Wie wird Ihre Nachrichtenpolitik aussehen?
Nachrichten werden nicht produziert, sie produzieren sich selbst. Es geht also darum, über das zu berichten, was die Korrespondenten und Partner in den beteiligten Ländern berichten. Es geht darum, eine globale Vision von dem was Tag für Tag in Lateinamerika und in der Karibik passiert zu schaffen. Und das mit einem Programm, das sich auf lateinamerikanische Interessen bezieht.
Es wird nicht so sein, dass wir nur berichten, wenn eine Katastrophe passiert, wenn es einen Aufstand gibt oder ein Präsident gestürzt wird. Der hegemoniale Blick ordnet uns in ein Schwarz-Weiß-Muster ein. Wir sind aber ein total farbenfroher Kontinent. Deshalb werden wir alles, was passiert, in einem kontinuierlichen Prozess und Kontext darstellen. Wenn es also einen Regierungssturz gibt, wird über die Vorgeschichte und die Folgen berichtet werden. Man wird erfahren, wer was warum macht.
Was bedeutet es für einen Journalisten und politischen Aktivisten wie Sie an einem solchen Projekt mitzuarbeiten?
Für mich ist es einer der wenigen Träume, der Realität geworden ist. Auf dem ganzen Subkontinent gibt es zurzeit einen Mentalitätswechsel. Bis vor kurzem dachten wir, dass uns viele Dinge verboten sind und wir haben uns in kleinen Nischen versteckt. Die Möglichkeit, die übermächtigen Informationskartelle mit einem Alternativprojekt zu konfrontieren, erschien nicht realistisch. Aber viele Dinge, die vielleicht vor fünf Jahren nicht möglich waren, sind heute möglich. Und diese Dinge müssen wir tun.
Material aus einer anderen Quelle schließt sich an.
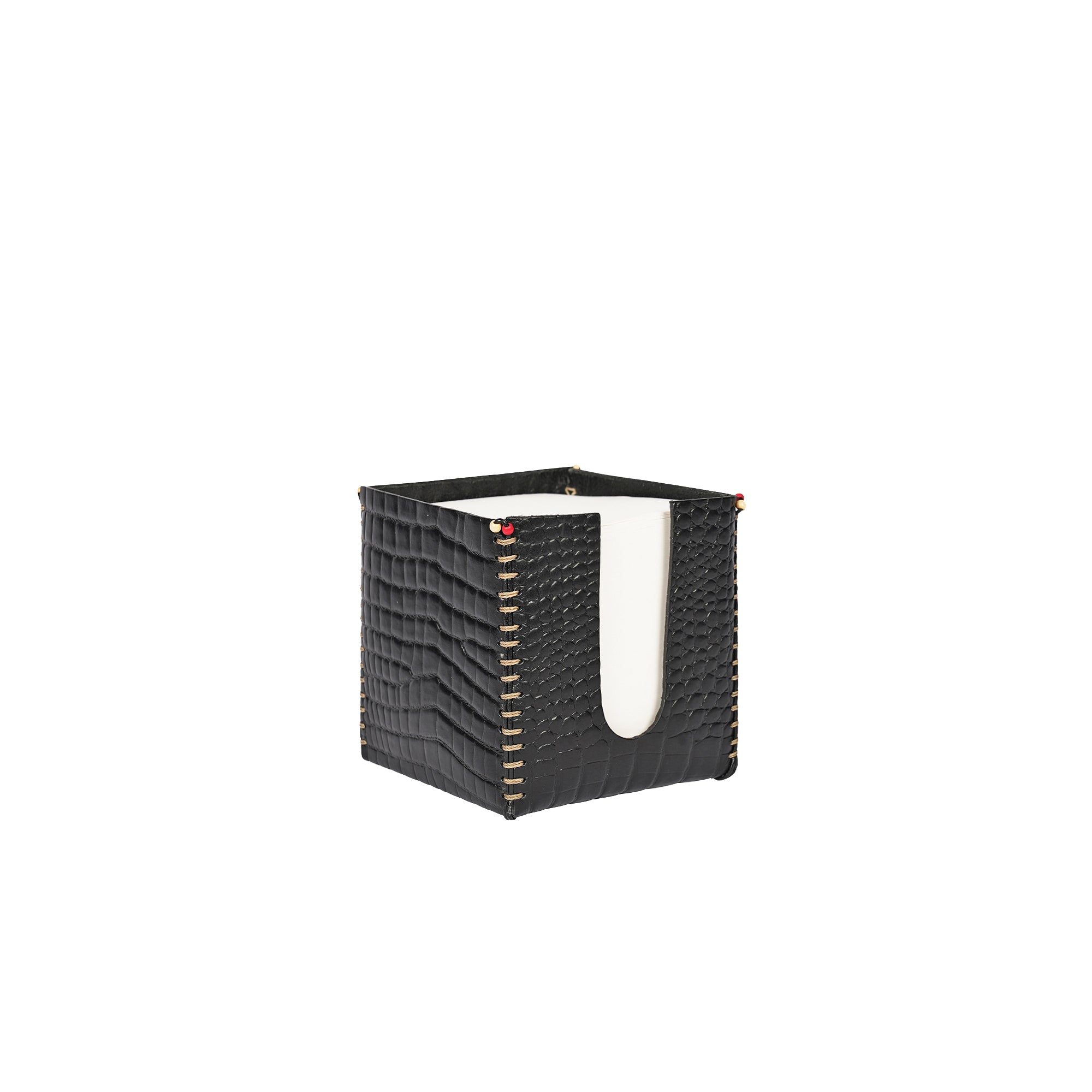Memo Block Holder Printed Croco Black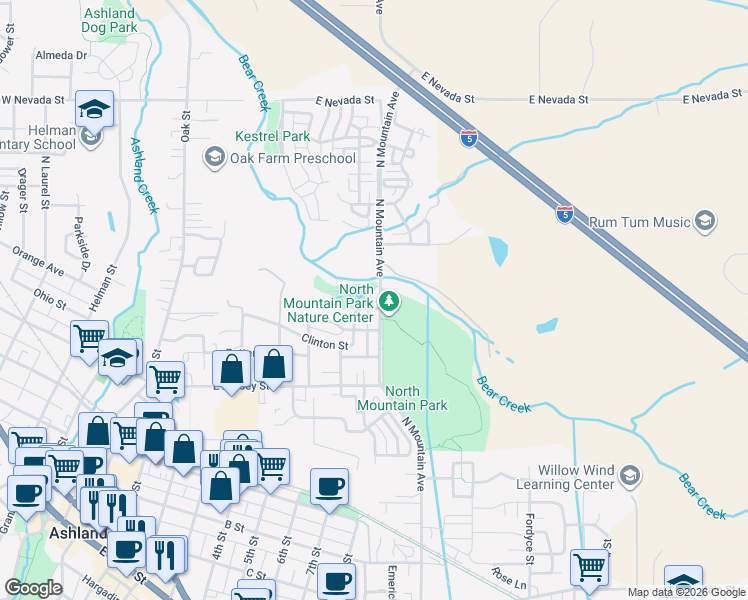 map of restaurants, bars, coffee shops, grocery stores, and more near 607 North Mountain Avenue in Ashland
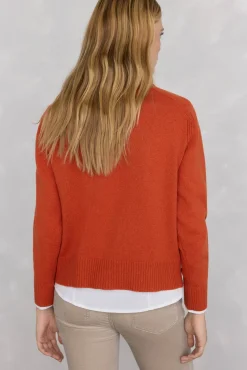 Jersey lana cuello caja costura central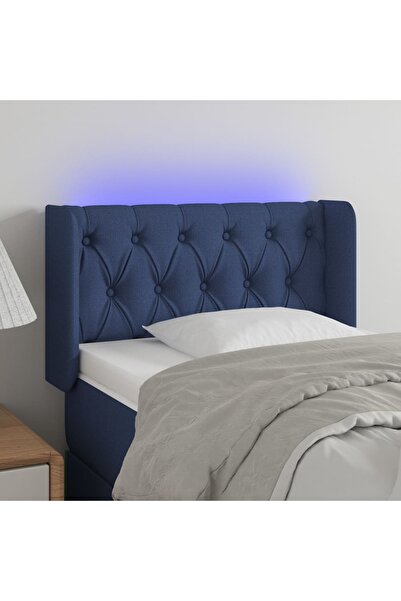 Concept Tăblie de pat cu LED, albastru, 83x16x78/88 cm, textil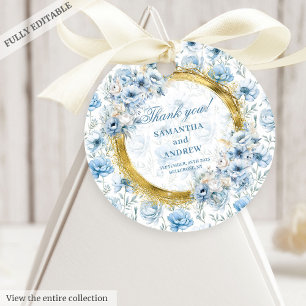 Etiqueta de Favor de Boda Romántica Boho Pastel Az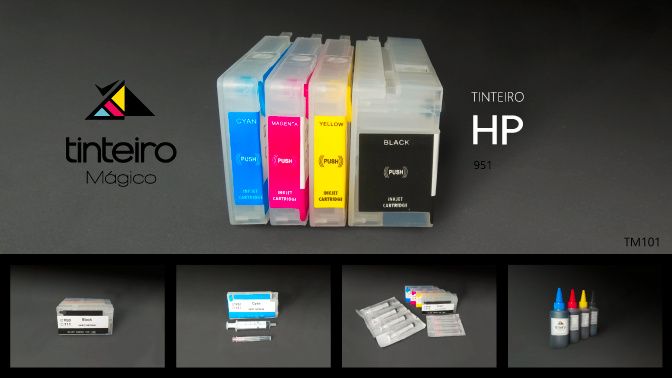 Kit Tinteiros Recarregaveis HP (TM101)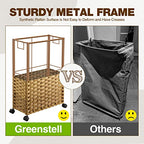 Greenstell Laundry Hamper with Wheels, 11.9 Gallon (45L) Small Clothes Hamper with 2 Removable Liner Bags & 2 Mesh Bags, Slim Rattan Laundry Basket for Bathroom, Bedroom, Natural - color: Natural, size: 45L (15.8 x 7.9 x 23.6 inches)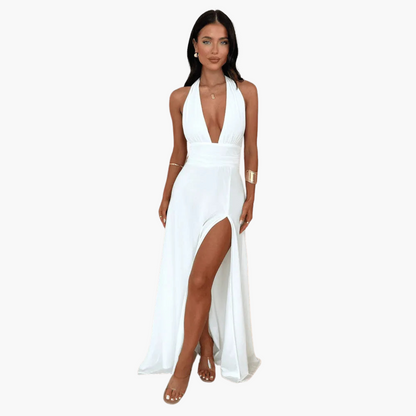 Long Sleeveless Halter Dress for Women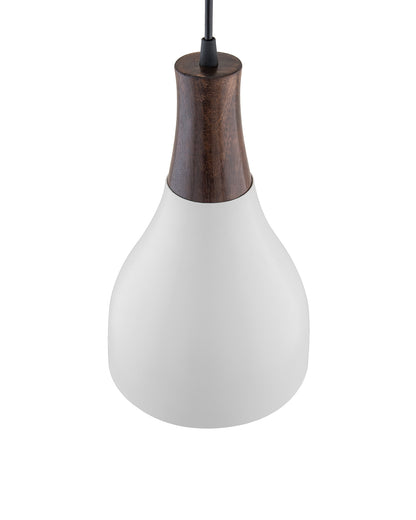 Croft Metal Wood Pendant Light, White Metal Antique Black Hanging Ceiling Light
Welche Unterschiede und Gemeinsamkeiten gibt es zwischen den Ideen von heute und denen von vor 30 Jahren?
Es gibt heute ein besseres Verständnis von dem, was Lateinamerika ist. Was wir aus diesen Jahren gelernt haben, ist, dass es nicht ausreicht, uns zu beschweren. Wir müssen auch zur Tat schreiten, müssen aktiv werden und dürfen nicht immer nur reagieren.
Bis jetzt haben wir den Neoliberalismus bekämpft, ohne eine Alternative anzubieten. Heute deuten sich Alternativen an. Integration ist der einzig mögliche Weg und das ist es, was wir lernen müssen: Wir müssen die nationalen Interessen und den Egoismus beiseite lassen. Wir müssen unsere Kräfte bündeln und zeigen, dass wir viele sind!